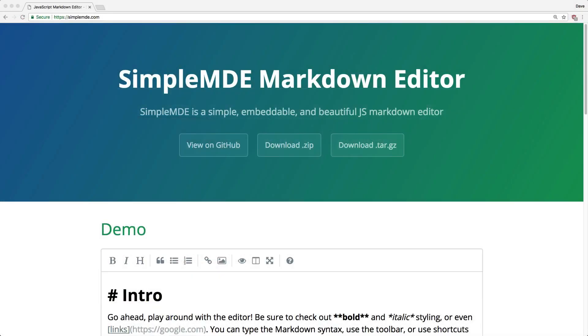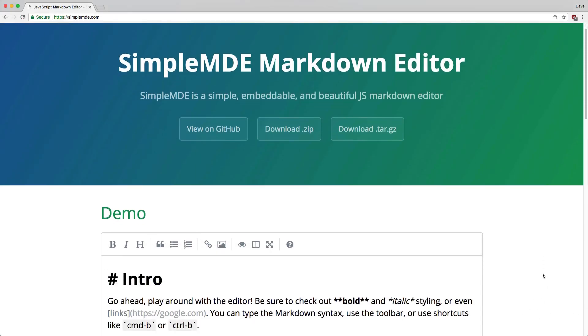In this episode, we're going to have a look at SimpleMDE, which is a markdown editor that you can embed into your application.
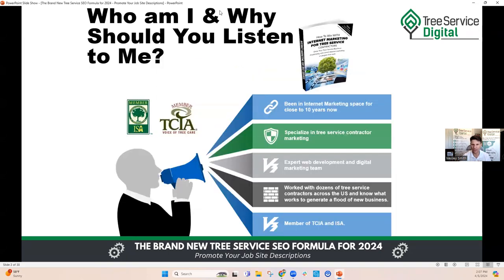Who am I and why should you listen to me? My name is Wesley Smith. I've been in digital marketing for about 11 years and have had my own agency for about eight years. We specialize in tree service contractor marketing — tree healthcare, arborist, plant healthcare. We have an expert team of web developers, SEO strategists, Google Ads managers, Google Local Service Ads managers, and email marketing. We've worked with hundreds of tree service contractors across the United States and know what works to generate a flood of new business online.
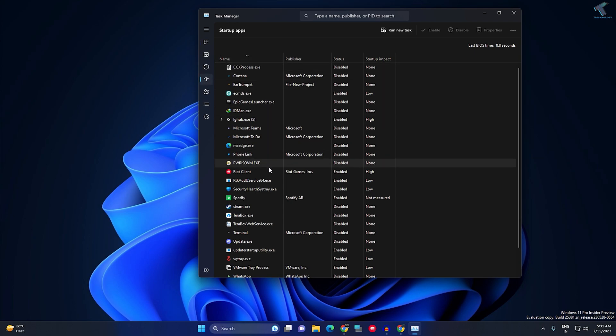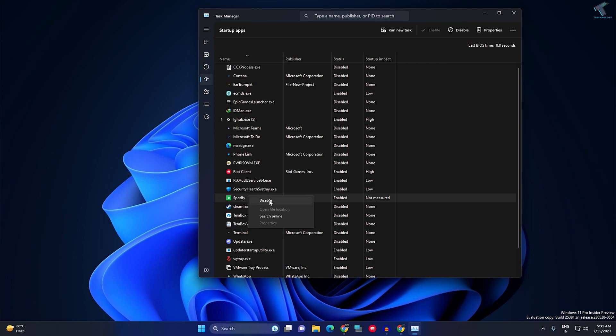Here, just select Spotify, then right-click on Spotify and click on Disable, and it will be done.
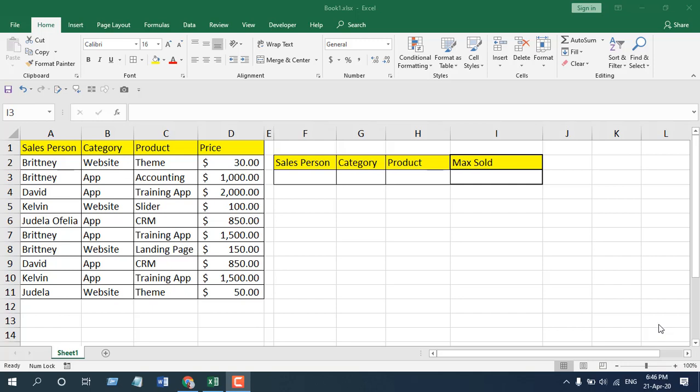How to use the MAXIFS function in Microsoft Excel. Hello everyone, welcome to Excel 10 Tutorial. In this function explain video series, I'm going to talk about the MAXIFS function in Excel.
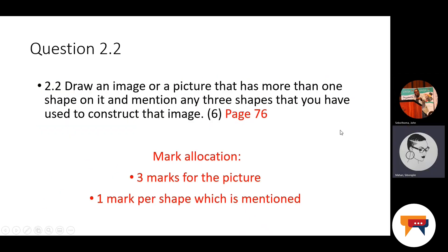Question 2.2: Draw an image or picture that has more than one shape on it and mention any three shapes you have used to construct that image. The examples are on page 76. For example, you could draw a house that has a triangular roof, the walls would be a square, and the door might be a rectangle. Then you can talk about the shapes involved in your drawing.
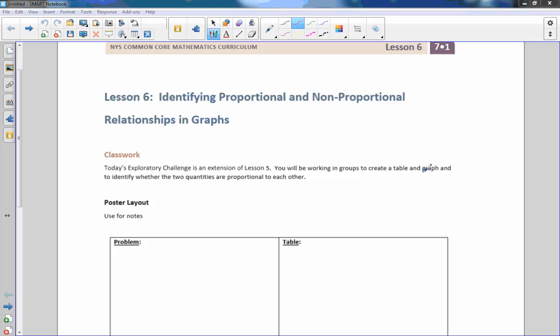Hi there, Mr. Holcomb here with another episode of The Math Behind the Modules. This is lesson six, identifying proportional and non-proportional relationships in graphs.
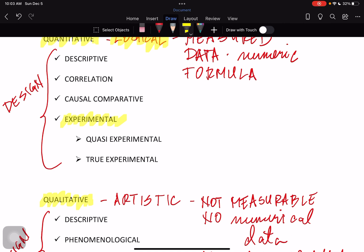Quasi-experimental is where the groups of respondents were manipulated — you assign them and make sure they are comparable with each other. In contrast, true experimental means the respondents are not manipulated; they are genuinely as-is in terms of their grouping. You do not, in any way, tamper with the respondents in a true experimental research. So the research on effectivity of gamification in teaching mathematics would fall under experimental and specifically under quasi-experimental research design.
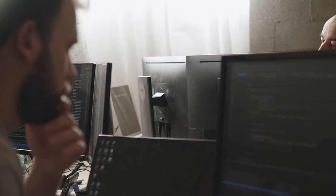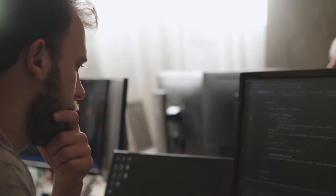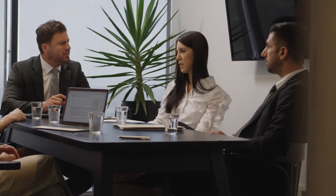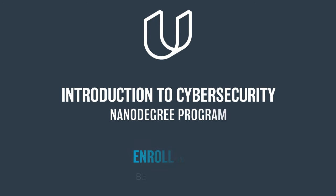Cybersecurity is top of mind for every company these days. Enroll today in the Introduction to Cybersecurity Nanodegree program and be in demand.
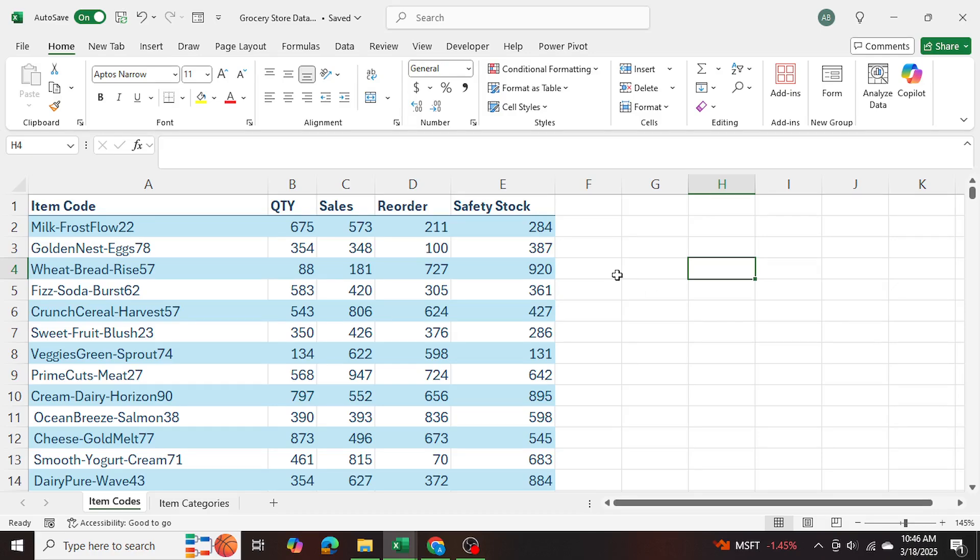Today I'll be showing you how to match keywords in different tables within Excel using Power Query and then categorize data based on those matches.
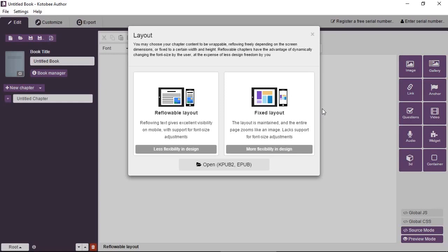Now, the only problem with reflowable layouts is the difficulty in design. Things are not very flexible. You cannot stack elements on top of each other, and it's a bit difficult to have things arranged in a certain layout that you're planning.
******************************
> [WHAT NEEDS TO BE DONE]:
Without the pictures, give back every record precisely as shown.

> [TASK SOLUTION]:
In this episode, we're going to have a look at SimpleMDE, which is a markdown editor that you can embed into your application.
Who am I and why should you listen to me? My name is Wesley Smith. I've been in digital marketing for about 11 years and have had my own agency for about eight years. We specialize in tree service contractor marketing — tree healthcare, arborist, plant healthcare. We have an expert team of web developers, SEO strategists, Google Ads managers, Google Local Service Ads managers, and email marketing. We've worked with hundreds of tree service contractors across the United States and know what works to generate a flood of new business online.
Here, just select Spotify, then right-click on Spotify and click on Disable, and it will be done.
How to use the MAXIFS function in Microsoft Excel. Hello everyone, welcome to Excel 10 Tutorial. In this function explain video series, I'm going to talk about the MAXIFS function in Excel.
Question 2.2: Draw an image or picture that has more than one shape on it and mention any three shapes you have used to construct that image. The examples are on page 76. For example, you could draw a house that has a triangular roof, the walls would be a square, and the door might be a rectangle. Then you can talk about the shapes involved in your drawing.
Hi there, Mr. Holcomb here with another episode of The Math Behind the Modules. This is lesson six, identifying proportional and non-proportional relationships in graphs.
Quasi-experimental is where the groups of respondents were manipulated — you assign them and make sure they are comparable with each other. In contrast, true experimental means the respondents are not manipulated; they are genuinely as-is in terms of their grouping. You do not, in any way, tamper with the respondents in a true experimental research. So the research on effectivity of gamification in teaching mathematics would fall under experimental and specifically under quasi-experimental research design.
Cybersecurity is top of mind for every company these days. Enroll today in the Introduction to Cybersecurity Nanodegree program and be in demand.
Today I'll be showing you how to match keywords in different tables within Excel using Power Query and then categorize data based on those matches.
Now, the only problem with reflowable layouts is the difficulty in design. Things are not very flexible. You cannot stack elements on top of each other, and it's a bit difficult to have things arranged in a certain layout that you're planning.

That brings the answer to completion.